On the web a "proxy" is a piece of software that sits between the user and the web server. When a user wants a web page, the user makes the request to the proxy and the proxy makes the request to the web server. Simple proxies provide a means to poke through firewalls, mask user identity, and things like that.

A "caching proxy" is a proxy that remembers the traffic passing through it, so later requests for the same content can (subject to configurable rules) be delivered to the user without actually connecting to the destination server. Schools, companies, and even countries use caching proxies to reduce their bandwidth costs and speed their users' web browsing. For example, once any user has pulled a logo image from a web site, every other user at that organization can just pull the proxy's version. Caching proxies make web browsing better, faster, and cheaper.

A "reverse proxy cache" is a caching proxy that runs on the server-side instead of the client-side.
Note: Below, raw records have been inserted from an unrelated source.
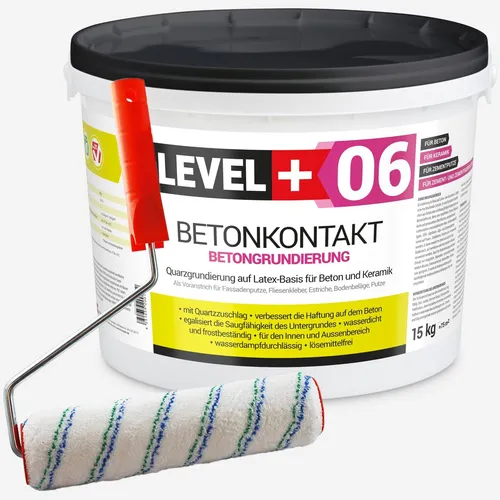 Betonkontakt Putzgrund Haftbrücke 15 Kg mit Farbroller - Grundierung für Innen und Außen, schnelltrocknend und frostbeständig, ideal für verschiedene Oberflächen wie Beton und Holz.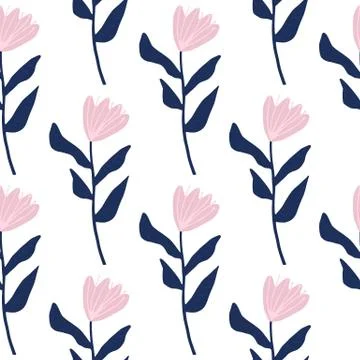 Isolated seamless pattern with flower simple silhouettes. Pink buds and navy  Stock Illustration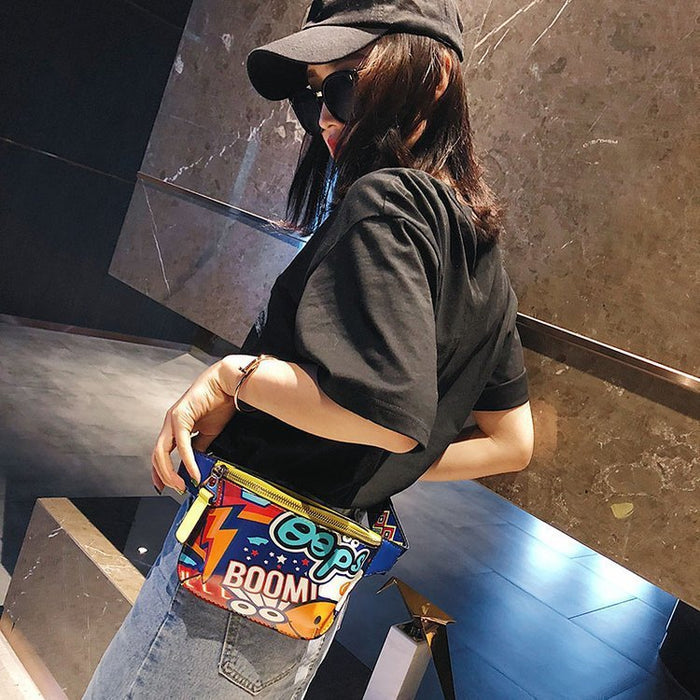 Wholesale PU material hip hop bounce bag chest bag messenger bag MOQ≥3 JDC-SD-Sengpa005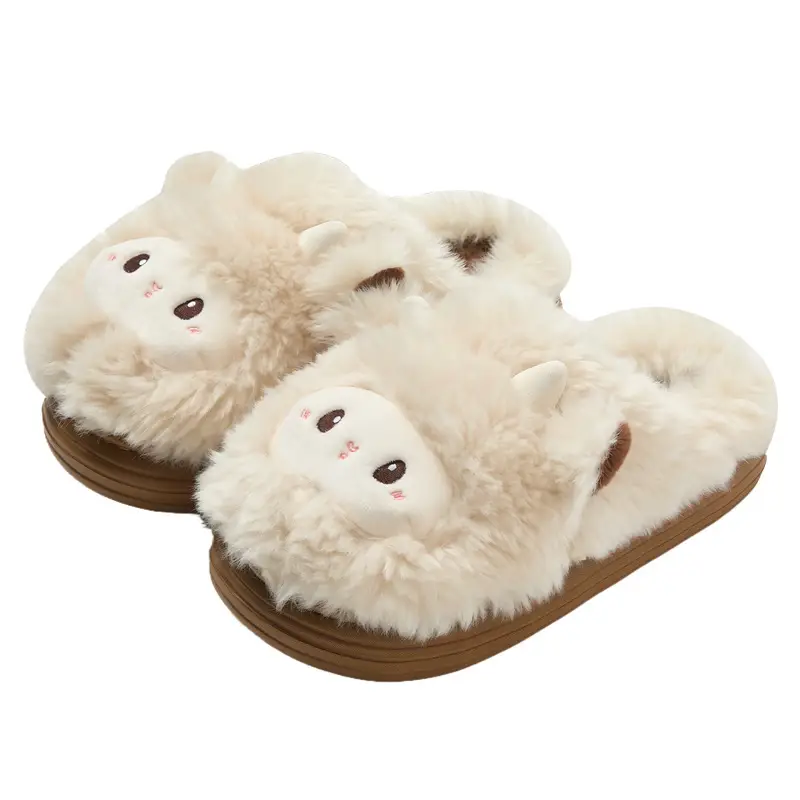 Cartoon Cute Little Sheep Children's Cotton Slippers for Girls, Winter Plush Warm Non-Slip Home Thick-Soled Comfortable Cotton Shoes for Boys - Image 8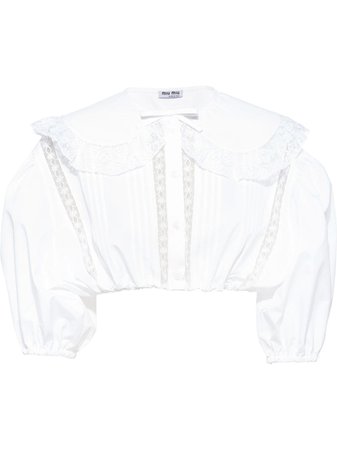 Shop Miu Miu poplin cropped blouse with Express Delivery - FARFETCH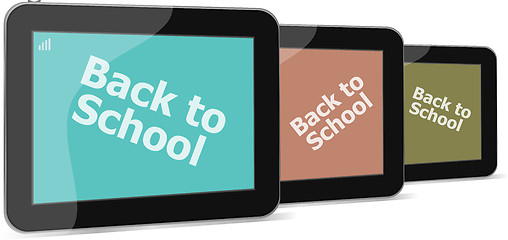 Image showing Tablet PC set with back to school word on it, isolated on white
It gets first crack at each user request. In many cases, like when the requested page is already in its cache, a reverse proxy cache can handle the user request on its own and reduce the load on the actual web server.

On MarkMail, Squid sits in front of our MarkLogic Server instance (our web server) and gets first crack at all user requests. It handles several tasks:

  • URL rewriting. This lets us present friendly URLs like /message/xyzzy to our users, while we actually serve the content from a .xqy XQuery page in the MarkLogic Server back-end. We use a Squid plug-in called Squirm for this. It lets us map public URLs to private URLs.
  • Caching. Almost every page in MarkMail is dynamic, even the home page with all those count statistics, but that doesn't mean we should regenerate the page on every request. We let Squid cache the results of each page for a few minutes. If you're looking at a page that anyone else saw recently, we're probably serving it to you from cache.
  • Connection pooling. On the web there's a feature called Keep-Alive that lets users hold open connections to the web server in case they make later requests. A common Keep-Alive period is 30 seconds. Keep-Alive saves the cost of opening up new connections but holding all the open connections can be resource intensive for a web server. By using Squid, we let Squid hold all the Keep-Alive connections to end users (hundreds of connections) while MarkLogic Server only talks to Squid. This reduces the load on the actual web server, leaving it free to focus its energy on searching, rendering, counting, etc.
Of course there's more we'd like Squid to do for us. We'd like some help in blocking abusive users, automatically gzipping content, and things like that. We'll probably look for those features in a new load balancer. More on that later.

In the meanwhile, hope you enjoy the Squid archives.

1 comment:

Frank Rubino said...

Pieces like this, which have general background information on technology of interest are a real community service. And written so well too, with an engaging, conversational style. Thanks!